Let’s be honest about butter first: it’s not a health food, and it’s not a villain either. It’s fat and flavor, and it belongs in a real kitchen. Neither salted nor unsalted is going to make or break how you feel.
The one health-relevant difference is sodium, and it’s small. A stick of salted butter adds a few hundred milligrams of sodium you didn’t choose.
On its own, nothing. But most of us are already getting plenty of hidden sodium from bread, sauces, and packaged snacks without trying — the sodium in something as simple as Costco egg bites can sneak up on you.
If you keep a loose eye on salt, using unsalted butter and salting on purpose is one quiet lever. Not a rule. Just an option that keeps you in charge.
That’s really the theme here. This was never about making butter a project or earning some clean-eating gold star.
It’s about one small default that gives you a little more say over what’s in your food — so you can spend your attention on almost anything else.
If the bigger question on your mind is which butter is actually best for you overall — grass-fed, ghee, plant-based, and how they compare — I break all of that down in my guide to the healthiest butter →
How To Store Unsalted Butter
One catch with unsalted: because salt is a preservative, unsalted butter doesn’t last quite as long.
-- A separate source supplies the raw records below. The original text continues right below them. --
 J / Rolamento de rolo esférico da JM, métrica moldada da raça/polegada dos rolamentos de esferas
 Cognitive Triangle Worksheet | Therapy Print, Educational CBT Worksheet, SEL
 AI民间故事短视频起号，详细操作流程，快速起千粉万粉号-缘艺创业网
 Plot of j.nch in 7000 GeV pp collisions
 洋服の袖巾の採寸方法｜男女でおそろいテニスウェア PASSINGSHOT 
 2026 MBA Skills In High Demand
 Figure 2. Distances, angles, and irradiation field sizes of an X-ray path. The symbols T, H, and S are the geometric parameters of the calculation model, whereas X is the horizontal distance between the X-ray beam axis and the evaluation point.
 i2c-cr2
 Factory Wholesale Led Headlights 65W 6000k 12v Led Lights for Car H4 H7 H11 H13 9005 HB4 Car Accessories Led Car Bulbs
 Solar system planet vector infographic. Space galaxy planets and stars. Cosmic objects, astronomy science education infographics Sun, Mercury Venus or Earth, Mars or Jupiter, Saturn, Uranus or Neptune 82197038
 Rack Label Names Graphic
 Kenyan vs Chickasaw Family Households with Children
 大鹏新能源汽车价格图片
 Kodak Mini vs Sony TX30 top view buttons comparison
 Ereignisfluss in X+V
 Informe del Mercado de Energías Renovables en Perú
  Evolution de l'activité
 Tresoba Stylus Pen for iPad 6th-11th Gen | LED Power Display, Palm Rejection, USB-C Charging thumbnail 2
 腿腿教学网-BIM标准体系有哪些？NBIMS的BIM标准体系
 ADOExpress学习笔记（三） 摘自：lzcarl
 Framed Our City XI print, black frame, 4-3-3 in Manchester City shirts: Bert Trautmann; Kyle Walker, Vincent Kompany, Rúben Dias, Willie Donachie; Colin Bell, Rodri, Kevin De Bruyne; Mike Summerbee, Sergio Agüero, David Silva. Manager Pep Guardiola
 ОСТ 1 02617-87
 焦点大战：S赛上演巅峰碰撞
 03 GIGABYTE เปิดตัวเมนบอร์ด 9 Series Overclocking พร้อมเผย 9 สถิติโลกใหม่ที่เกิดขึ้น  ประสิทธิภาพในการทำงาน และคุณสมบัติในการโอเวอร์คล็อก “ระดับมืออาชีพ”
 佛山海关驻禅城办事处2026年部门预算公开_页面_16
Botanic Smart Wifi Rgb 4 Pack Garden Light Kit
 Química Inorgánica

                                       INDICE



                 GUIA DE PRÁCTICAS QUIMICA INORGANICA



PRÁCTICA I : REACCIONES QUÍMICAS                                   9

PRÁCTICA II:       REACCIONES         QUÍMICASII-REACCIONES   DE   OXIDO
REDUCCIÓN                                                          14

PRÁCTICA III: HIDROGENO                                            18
Nothing dramatic — just keep it refrigerated and use it within its date.
A few things that make it easier:
- Freeze the extra. Butter freezes beautifully for months. I keep a couple of spare sticks in the freezer and pull them as needed.
- Separate your two butters. I keep unsalted in the main fridge and salted in the door or butter dish, so I never grab the wrong one mid-recipe.
- Keep your spreading butter soft. For the salted stick you reach for on toast, a butter keeper holds it spreadable on the counter without it spoiling — no more tearing up bread with a cold, hard pat. (Stick to salted for this; the salt is what keeps counter butter safe.)
- Buy what you’ll use. If unsalted turns over slower in your house, buy smaller amounts and let the freezer hold the backups.
The Bottom Line: When In Doubt, Go Unsalted
If you take nothing else from this: when a recipe just says “butter,” reach for unsalted.
It gives you control, it keeps baking predictable, and it lets you add salt on purpose instead of inheriting a mystery amount.
Keep salted around for toast and popcorn and the moments convenience wins — but let unsalted be your default.
It’s one small decision you make once. Set it, and every recipe after gets a little easier.
Salted vs Unsalted Butter FAQ
Do you use salted or unsalted butter for baking?
Unsalted, almost always. Baking recipes are written assuming the butter adds no salt, so unsalted lets the recipe’s measured salt do its job. If you only have salted, you can still bake with it — just cut the added salt by about ¼ teaspoon per stick of butter.
Can I use salted butter instead of unsalted in a recipe?
Usually yes, with a small adjustment: reduce the added salt by about ¼ teaspoon per stick of butter. For baking, unsalted is still the safer bet because salt content varies by brand.
Is salted or unsalted butter better?
Neither is better across the board. Unsalted gives you more control and is the default for baking and most cooking; salted is better for finishing, toast, and table use.
What happens if you use salted butter instead of unsalted?
Your food comes out a little saltier, and in baking the flavor can read slightly off since recipes are built around unsalted. In savory cooking you can just season less to make up for it.
How much salt is in salted butter?
Roughly ¼ teaspoon per stick, but it varies by brand — which is exactly why unsalted is easier to cook with predictably.
Is unsalted butter healthier?
Only in that it lets you control your sodium. Nutritionally the two are nearly identical, so the difference comes down to how much salt you want to add yourself. If you’re really asking which butter is healthiest overall, that’s a bigger question — I cover it in my guide to the healthiest butter.